***
Таким образом, марксистское понятие диктатуры пролетариата это сложное понятие, понятие–идея, и постичь её в мыслях дело не простое, не говоря уж о превратностях борьбы за диктатуру пролетариата в историческом процессе. Тем не менее, оно строго выверено классиками, выстрадано многими поколениями борцов за коммунизм, подтверждено практикой и положительным и отрицательным опытом.
Поэтому можно быть твердо убежденным, что идея диктатуры пролетариата уже реализована в мире и будет полностью осуществлена и снимет себя в соответствующее историческое время в обществе без государства, в обществе общественного самоуправления в коммунизме.
Глава 2. Всемирно–историческое значение русского марксизма
«Отступаем (не будем бояться признать это; не страшно отступление, страшны иллюзии и самообманы, губительна боязнь истины)» .
(В. И. Ленин. ПСС. Т. 44, с. 487)
1. Достижение самостоятельности и мирового уровня русской философской мыслью
Русская философия до середины XIX века, вполне отвечая на запросы развития России, все–таки не была самостоятельным философским явлением мирового значения.Она светила, как правило, отраженным светом: или немецким, или французским, или английским. Философы эпохи русского Просвещения живо усваивали новые философские веяния в Европе и «просвещали» ими Россию. Поэтому наряду с традиционными православными и мистическими учениями по общественному сознанию время от времени прокатывались волны «вольтерянства», «кантианства», «шеллингианства», «гегельянства» и других.
Но с 1840‑х годов происходит нечто такое, что меняет отношение многих русских интеллигентов к философии вообще и к европейской философии, в частности. А вместе с тем происходит и изменение положения русской философии на арене мировой философии: она в значительной мере вливается в передовую европейскую мысль как активный субъект: актор и автор; из талантливого ученика она превращается в соработника и соратника передовых европейских идейных движений. Почему?

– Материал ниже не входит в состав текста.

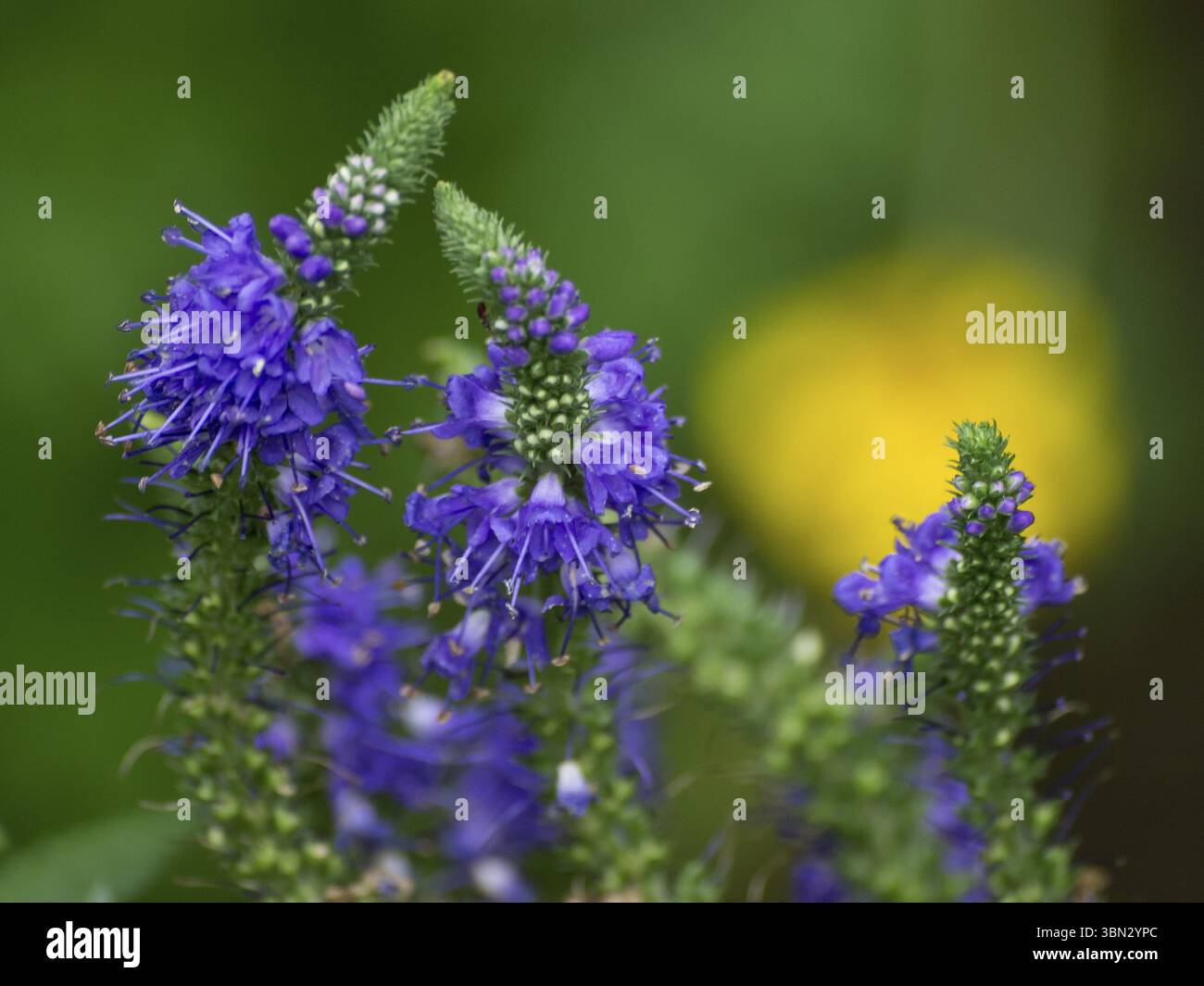 Gruppe blauer Blumen vor einem grünen verschwommenen Hintergrund, Borken, Münsterland, Deutschland, Europa Stockfoto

Ответ, одновременно, и прост, и сложен. Прост, потому что уже объяснен В. И. Лениным и другими марксистами. Он сводится к тому, что к началу 1840‑х годов в отставших от прогрессивно развивавшейся Англии странах созрели социальные силы, не желавшие мириться с экономической отсталостью, с феодальными политическими пережитками, с клерикальной тупостью, с убогостью духовной жизни и всесилием бюрократизма. Они выражали интересы молодой, прогрессивной в то время, буржуазии и её (а также и народный) протест против устаревшего феодализма. В том числе такие силы возникали и в самом господствующем классе как отрицание феодальных пережитков в самом феодализме, с сохранением, однако, главных устоев феодализма и «самобытности» или, как сейчас говорят «идентичности». Они были стимулированы как внешними (иностранными: французская революция 1789–1794 годов и наполеоновские войны), так и внутренними политическими процессами (восстание декабристов и его разгром в 1825–1826 годах). Наступила другая эпоха. Она породила несколько философских кружков: славянофилов (А. Хомяков, И. Киреевский, К. Аксаков, Ю. Самарин и др.), западников (А. Герцен, В. Белинский, М. Бакунин и др.), либералов (П. Чаадаев, К. Кавелин и др.). Но не все они смогли воспринять интересы народа — трудящейся части населения. И потому многие остались талантливым, национально полезным для культуры и искусства, но только русским философским явлением. Как показало время, дух новой эпохи выражали лишь участники герценовского кружка. Хотя в ней продолжали действовать и представители прежней эпохи.
Собственно, произошло то, что регулярно происходит с философией: смена эпох приводит к смене философии. Как верно заметил Г. Гегель «философия есть также время, постигнутое в мысли» [4] Гегель Г. Философия права. М.: «Мысль», 1990. С.55
.
Поэтому обострилась идейная борьба прогрессивных и реакционных течений, групп, кружков, лиц. Эта борьба и явилась движущей силой интереса к экономике, политике и философии. Эти области духа стали публичными.
А сложен ответ потому, что в России прогрессивные силы, как раз по причине большей отсталости России, были относительно слабее развиты, но бороться им предстояло с более могучим и мотивированным противником — надеждой и опорой реакционной части Европы: с русским самодержавием. Поэтому приходится лишь удивляться: как в глухой тверской деревне «Прямухино» мог вырасти будущий гегельянец, один из основателей мирового анархизма и предводитель восстания в Дрездене (М. А. Бакунин, 1849 год); как можно было в тогдашних российских условиях развиваться по тем же ступеням от Гегеля к Фейербаху, от А. Смита к К. Марксу, что и сверстники в Париже и Берлине?